▸ **ACTION ITEM**
An exact copy is all that is wanted: the lines from the one with "Gavin Newscum tweet media" through the end of the listing below, both included, minus any pictures.

▸ **TASK INPUT**

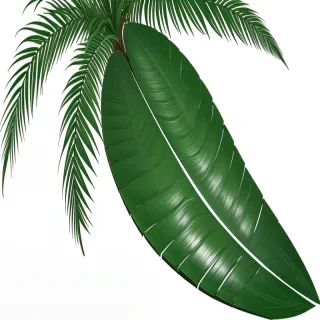 palm leaf png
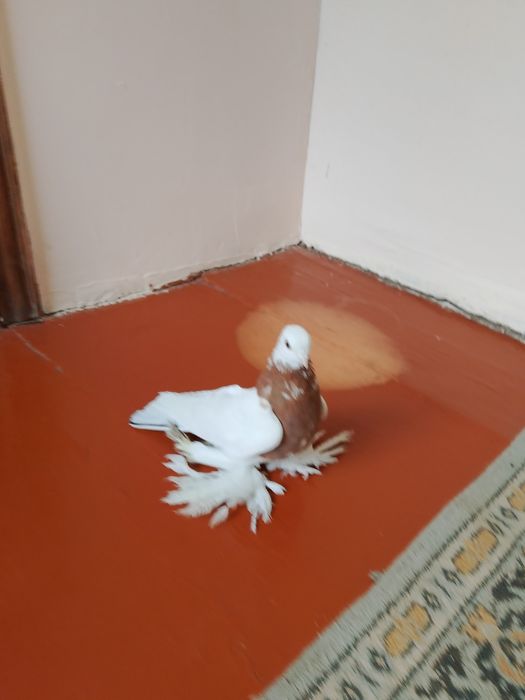 Голуби .птицы .капканы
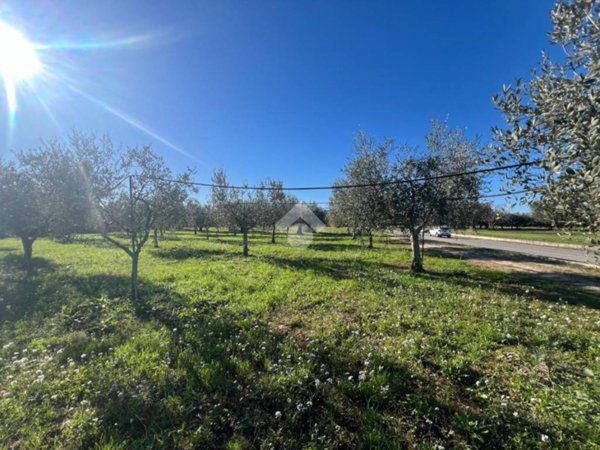 terreno agricolo in vendita a Mosciano Sant'Angelo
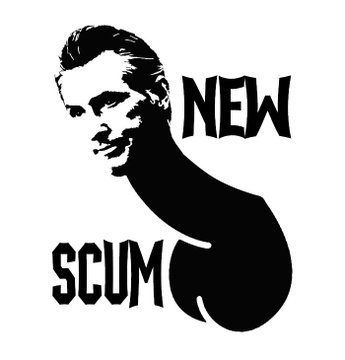 Gavin Newscum tweet media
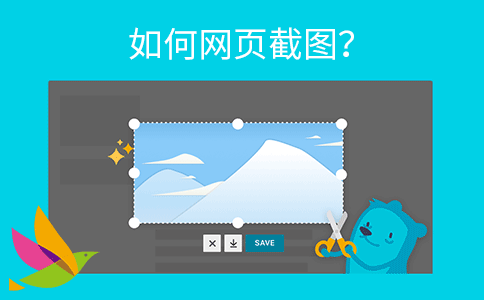 SEO资源:如何网页截图? SEO资源:如何网页截图?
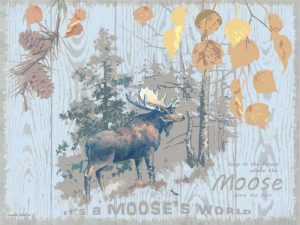 Mooses World Tan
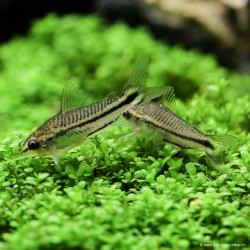 Zwergpanzerwels - Corydoras Pygmaeus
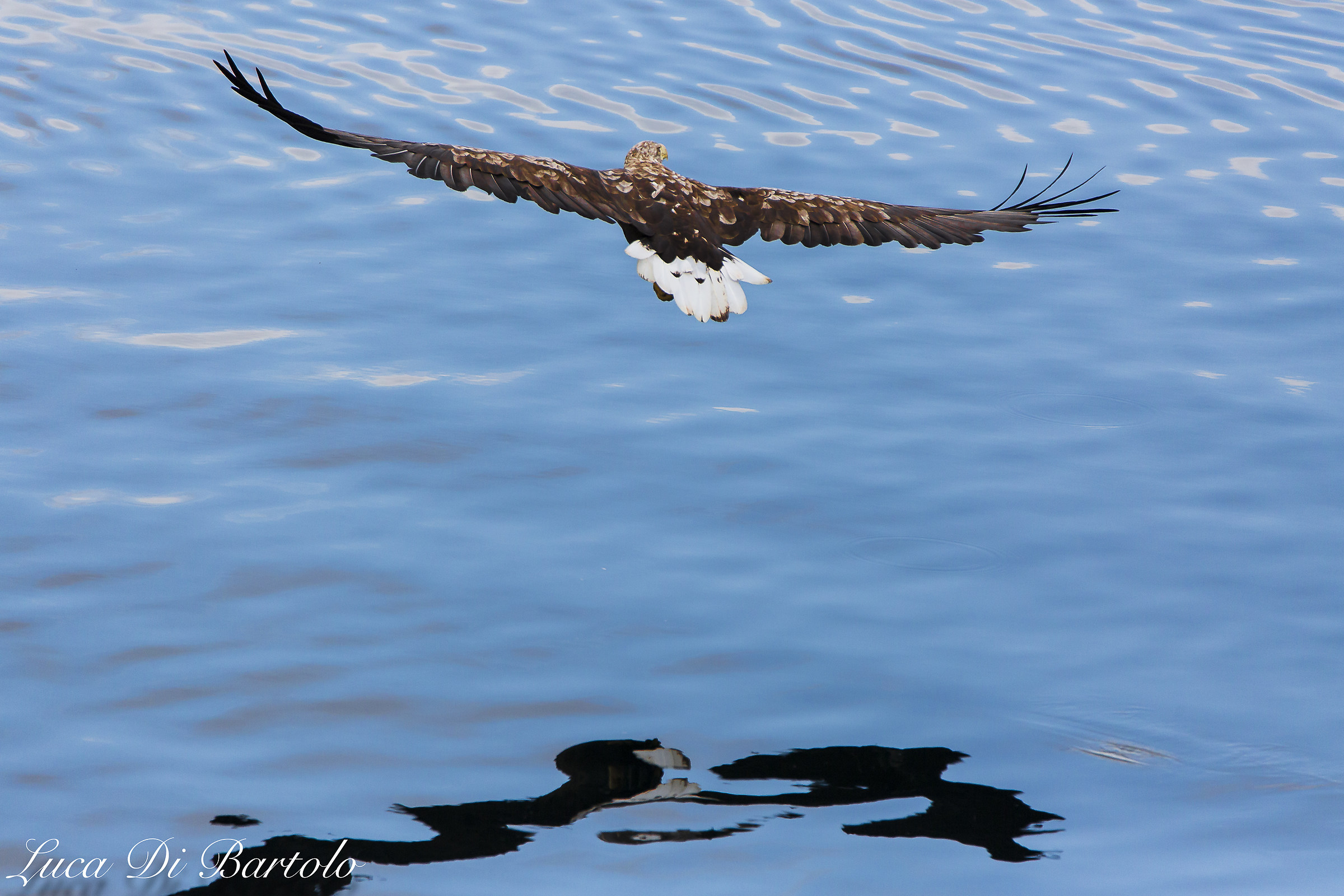 Aquila di mare (Haliaeetus albicilla)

▸ **ANSWER TO THE EXERCISE**
 Gavin Newscum tweet media
 SEO资源:如何网页截图? SEO资源:如何网页截图?
 Mooses World Tan
 Zwergpanzerwels - Corydoras Pygmaeus
 Aquila di mare (Haliaeetus albicilla)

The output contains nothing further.